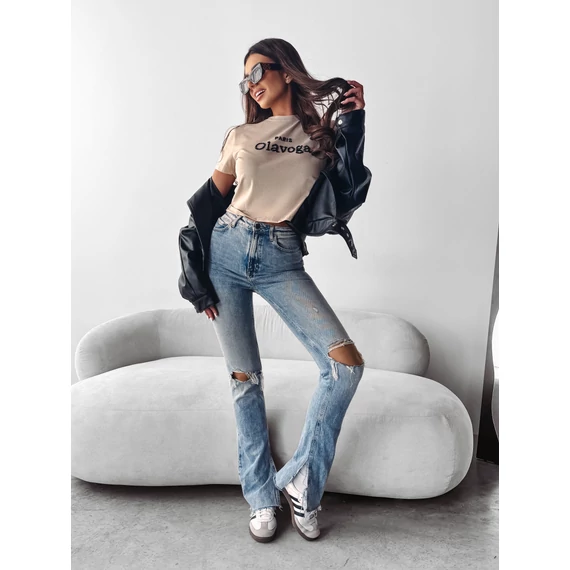 Olavoga Smoky rose rövid ujjú póló bézs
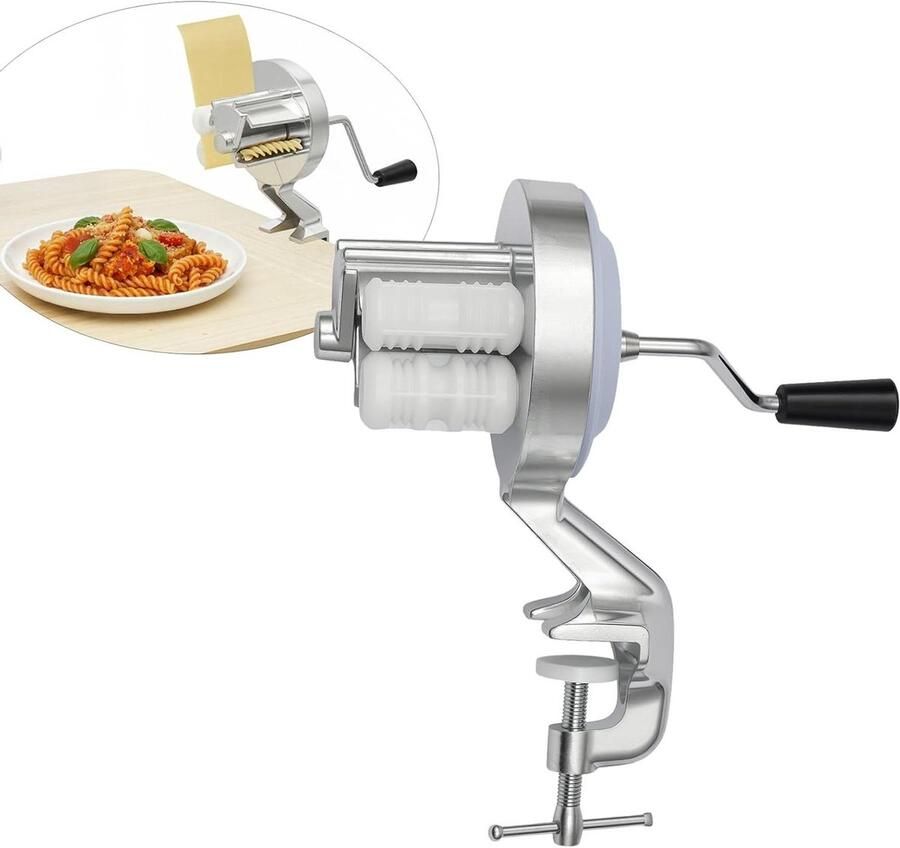 Handmatige pastamachine Pastamaker Zelfgemaakte pasta Robuuste aluminiumlegering Tot 5 cm Zilver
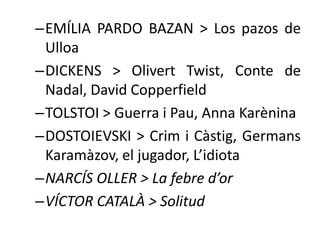 –EMÍLIA PARDO BAZAN > Los pazos de
Ulloa
–DICKENS > Olivert Twist, Conte de
Nadal, David Copperfield
–TOLSTOI > Guerra i Pau, Anna Karènina
–DOSTOIEVSKI > Crim i Càstig, Germans
Karamàzov, el jugador, L’idiota
–NARCÍS OLLER > La febre d’or
–VÍCTOR CATALÀ > Solitud

 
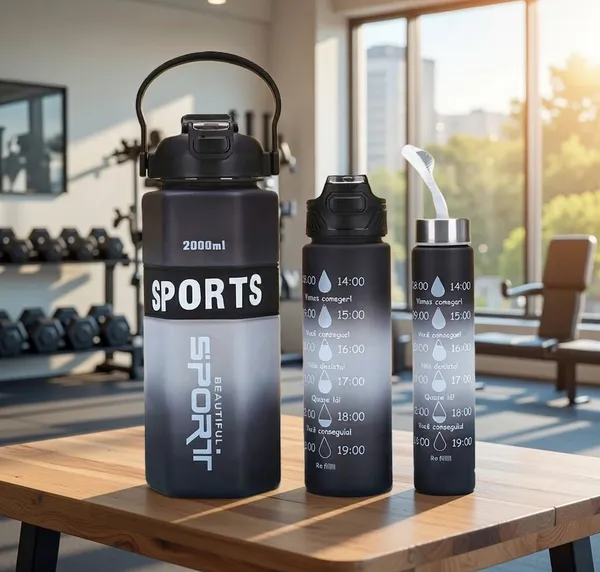 GR8INDIA®_Supercool_3-in-1_Water_Bottle_Set,_2000ML_+_900_ML_+_300_ML_Assorted_Bottles,_Leakproof_Reusable_Drinking_Bottles_with_Multi-Lid_Options,_Durable_Sports/Gym/Travel_Bottle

» **PROBLEM TO WORK ON**:
Leaving the pictures out, output the material exactly as it appears.

» **EXPECTED ANSWER**:
 Olavoga Smoky rose rövid ujjú póló bézs
 Handmatige pastamachine Pastamaker Zelfgemaakte pasta Robuuste aluminiumlegering Tot 5 cm Zilver
 –EMÍLIA PARDO BAZAN > Los pazos de
Ulloa
–DICKENS > Olivert Twist, Conte de
Nadal, David Copperfield
–TOLSTOI > Guerra i Pau, Anna Karènina
–DOSTOIEVSKI > Crim i Càstig, Germans
Karamàzov, el jugador, L’idiota
–NARCÍS OLLER > La febre d’or
–VÍCTOR CATALÀ > Solitud

 
 GR8INDIA®_Supercool_3-in-1_Water_Bottle_Set,_2000ML_+_900_ML_+_300_ML_Assorted_Bottles,_Leakproof_Reusable_Drinking_Bottles_with_Multi-Lid_Options,_Durable_Sports/Gym/Travel_Bottle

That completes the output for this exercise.